Perbuatan-perbuatan baik adalah langkah-langkah solutif akan masalah yang dihadapi oleh umat. Jika kebajikan telah mendarah daging dalam diri para pemimpin, maka dengan sendirinya kesejahteraan dan kemakmuran rakyat akan mudah tercapai. Pemimpin dituntut tidak hanya menunjukkan tetapi mengantar rakyat ke pintu gerbang kebahagiaan. Dengan kata lain, tidak sekedar mengucapkan dan menganjurkan, tetapi mampu mempraktikkan pada diri pribadi kemudian mensosialisasikannya di tengah masyarakat. Pemimpin sejati harus mempunyai kepekaan yang tinggi (sense of crisis), yaitu apabila rakyat menderita dia yang pertama sekali merasakan pedihnya dan apabila rakyat sejahtera cukup dia yang terakhir sekali menikmatinya. Sedangkan tahan diejek dan siap diejek mengandung arti kesabaran dan ketabahan sebagaimana ditegaskan oleh Al Qur’an Surat As-Sajdah (32): 24 “Kami jadikan mereka pemimpin ketika mereka sabar/tabah” Kesabaran dan ketabahan dijadikan pertimbangan dalam mengangkat seorang pemimpin. Dulu K.H. Ahmad Dahlan awalnya juga banyak mendapatkan ejekan, karena beliau melakukan sesuatu yang dipandang masyarakat ‘lucu’ atau tidak umum. Karena itu seorang pemimpin harus berani ‘tampil beda’, tapi jangan sekedar tampil beda yang tanpa makna.

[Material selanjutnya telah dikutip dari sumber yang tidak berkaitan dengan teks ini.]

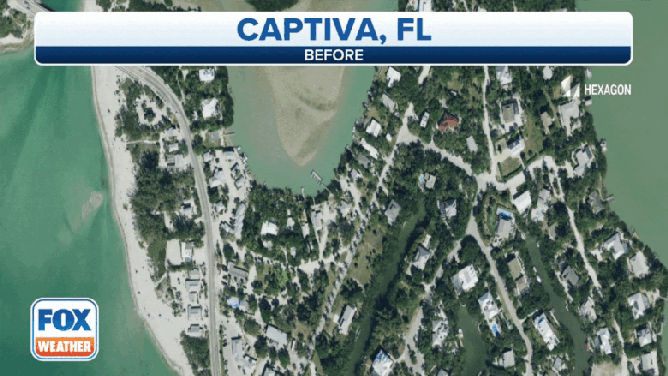 Before and after satellite images of Captiva Island and Sanibel Island show the damage left by Hurricane Ian.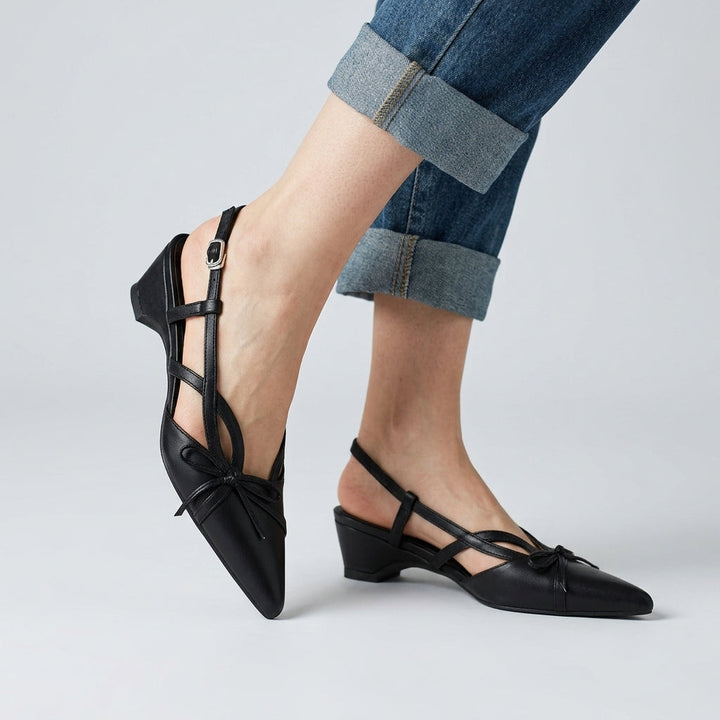 Natalie Bow Pointed Slingback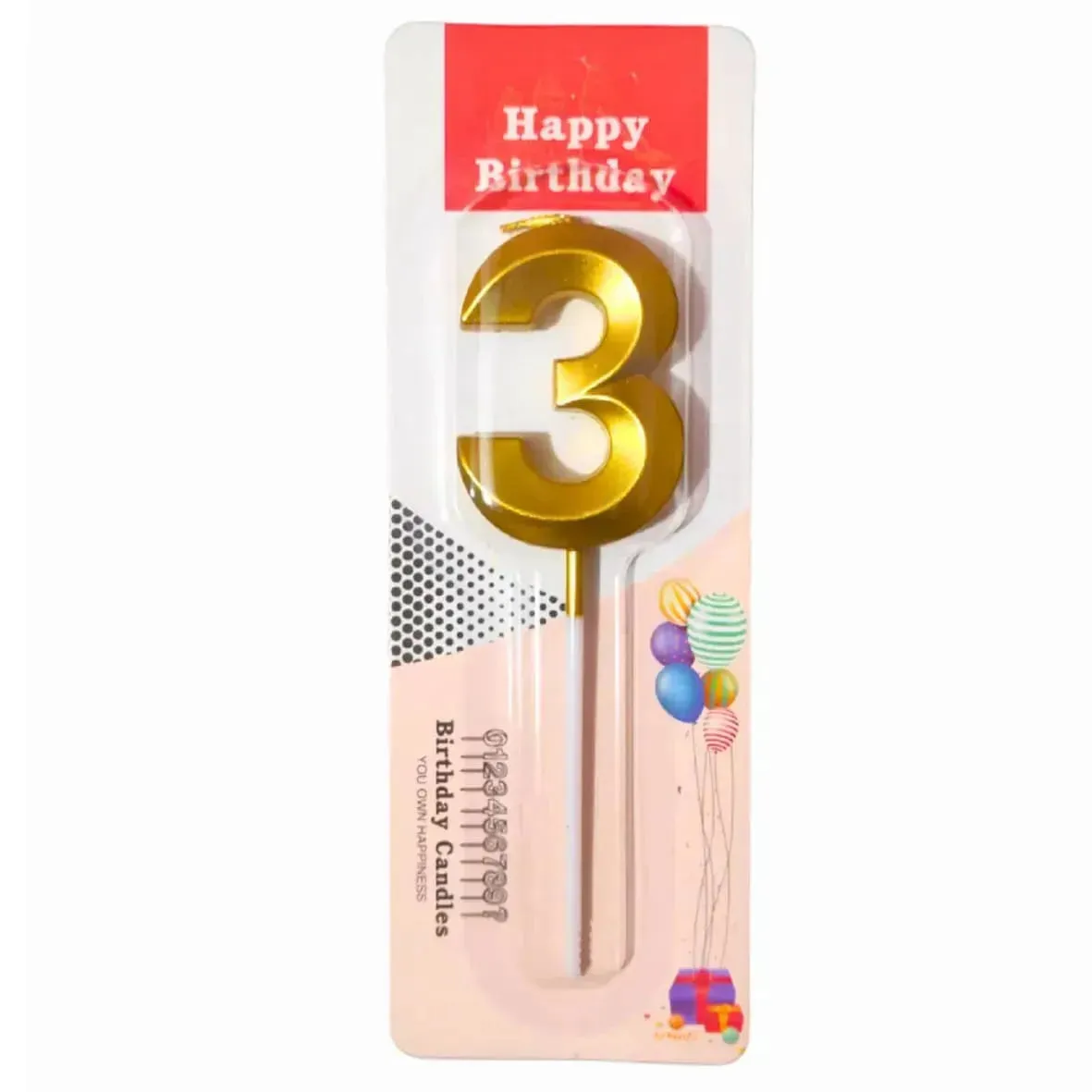 GOLDEN NUMBER CANDLE 3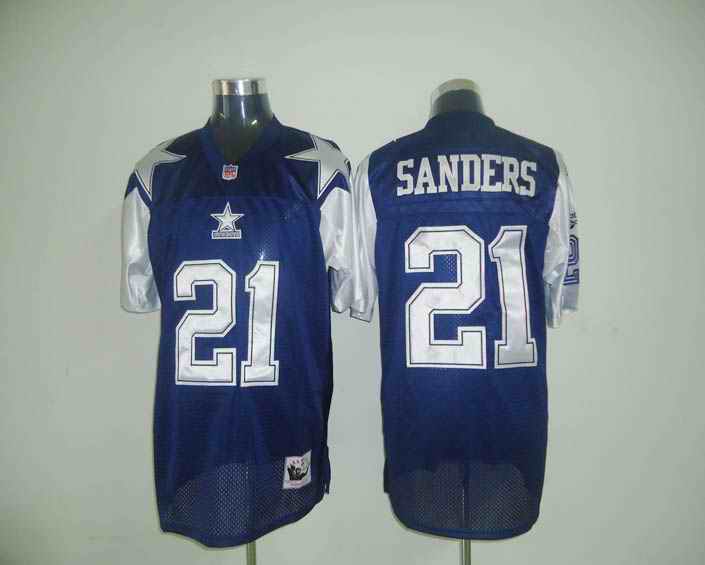 Cowboys 21 Sanders Blue 75th Throwback Jerseys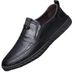Euro Step Men's Casual Leather Loafers Spring Versatile Comfortable Work Soft Sole Slip-On Lazy Dad Shoes_vogvips.com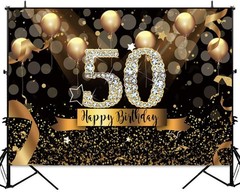 Elegant Glitter Black Gold Balloons Backdrop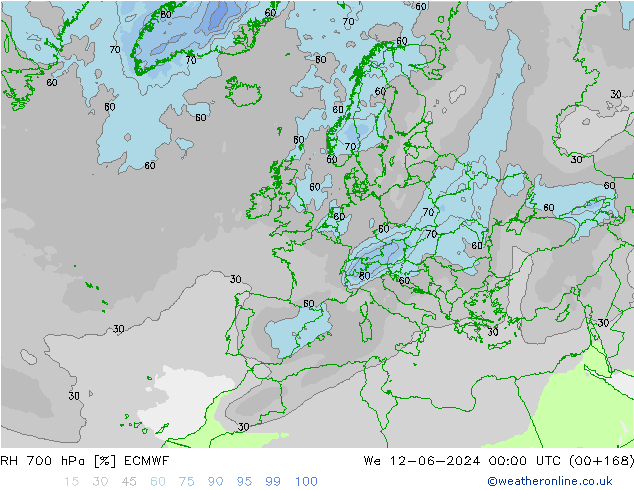 RH 700 hPa ECMWF We 12.06.2024 00 UTC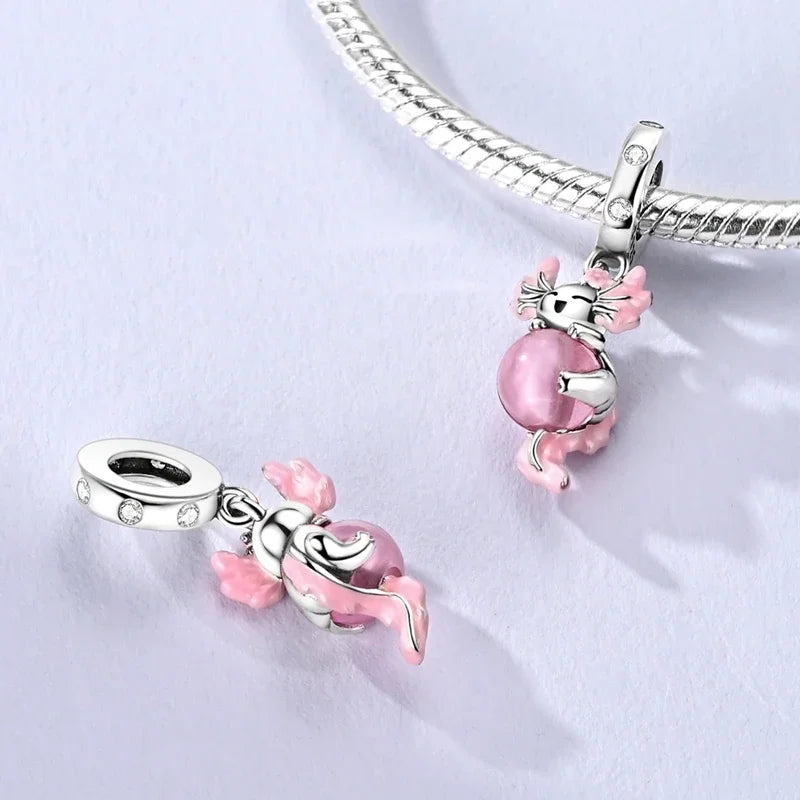 Sterling Silver Cat and Flower Heart Charm for DIY Bracelet Jewelry KTC1638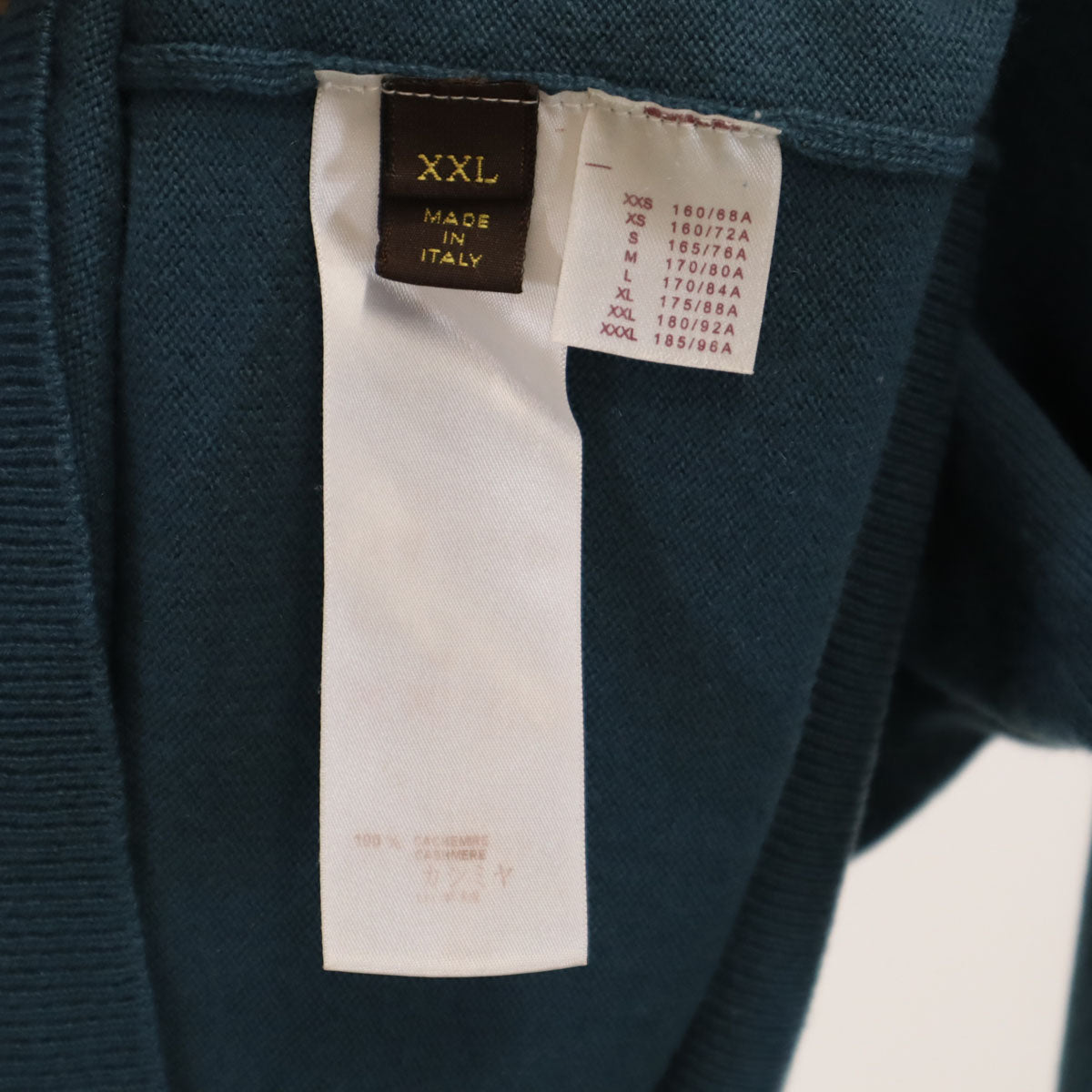 LOUIS VUITTON ルイヴィトン イタリア製 カシミヤ100％ 長袖 セーター XXL ブルー系 ニット メンズ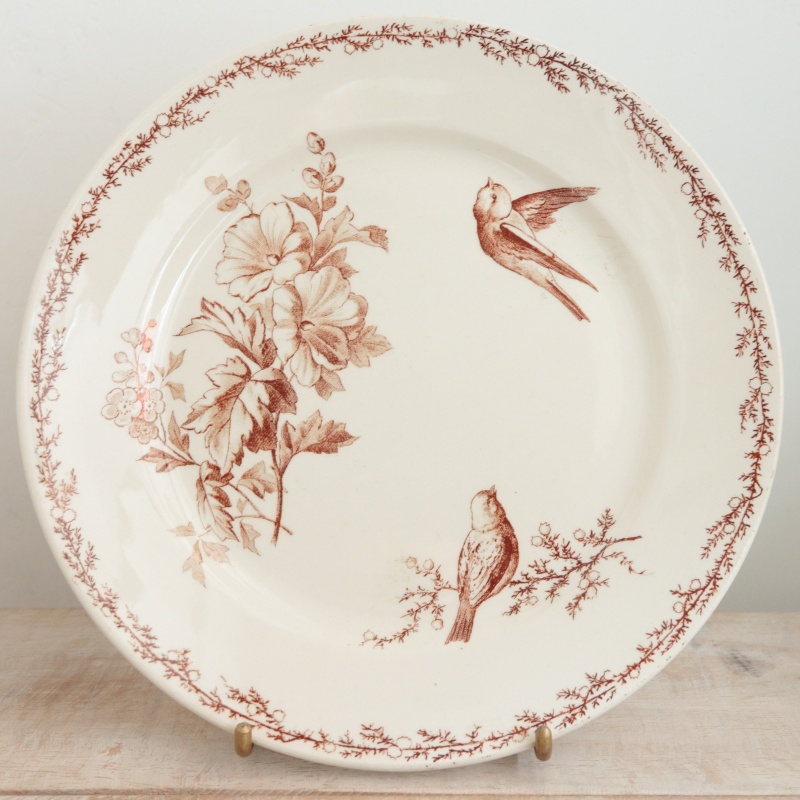 アンティーク プレート 小鳥 デザート皿 SYLVA フランス クレイユモントロー製 Creil Montereau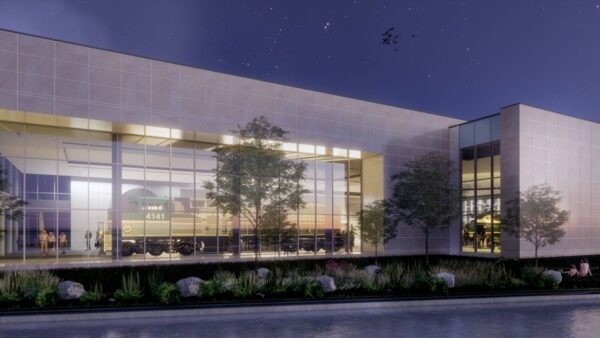 exterior rendering of The Pavilion at night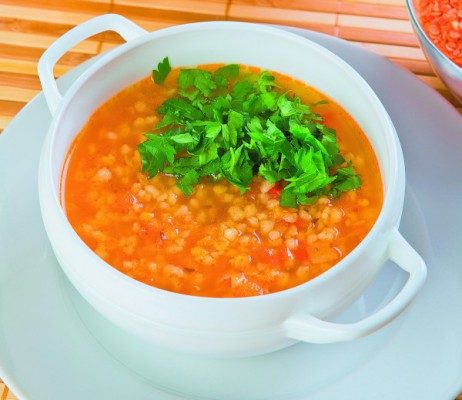Густой томатный суп с кускусом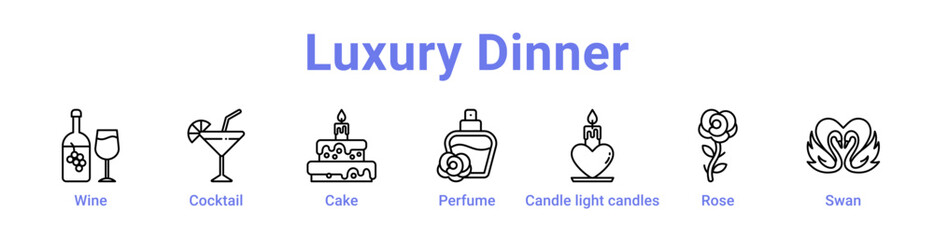 Obraz premium Luxury Dinner Icon Banner and Collection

Disamping harus Muqsit, kriteria minimal pemimpin tersimpul juga pada sifat wajib para nabi/rasul yaitu: shidiq, amanah, tabligh, fathonah. Shidiq yaitu kebenaran dan kesungguhan dalam bersikap, berucap dan bertindak di dalam melaksanakan tugasnya. Kebenaran harus diungkapkan oleh pemimpin walau dampaknya pahit bagi sekelompok orang. Kriteria ini menuntut adanya penolakan akan kebohongan publik. Seorang yang hanya janji saat kampanye dan tidak ada bukti saat sudah jadi pemimpin termasuk yang tidak masuk kriteria ini. Amanah, yaitu dapat dipercaya. Artinya seorang pemimpin adalah orang yang dapat dipercaya untuk mewujudkan masyarakat yang terdidik, damai, bermartabat dan adil. Karena itu seorang pemimpin harus mempunyai kredibilitas etika yang sudah teruji di masyarakat. Fathonah, yaitu kecerdasan, kecakapan memimpin dan managerial. Kecerdasan tidak hanya intelektual, tetapi juga kecerdasan sosial, emosi, maupun spiritual. Seorang pemimpin yang mempunyai kecerdasan emosi dan sosial yang bagus maka akan dengan sendirinya mempunyai sifat terbuka, menghargai perbedaan serta tidak memperlakukan dirinya sebagai ‘tuhan’ untuk menghakimi orang yang mempunyai perbedaan keyakinan ataupun pemikiran. Tabligh, yaitu penyampaian secara jujur dan bertanggung jawab atas segala tindakan yang diambilnya. Aspek ini juga mencakup akuntabilitas dan transparansi semua kegiatan, anggaran serta sumber-sumber dana yang digunakan. Seorang pemimpin harus mempunyai kepekaan dan tanggung jawab untuk berbagi dengan yang dipimpin terkait sumber-sumber dana yang dapat diakses, juga informasi-informasi penting lainnya.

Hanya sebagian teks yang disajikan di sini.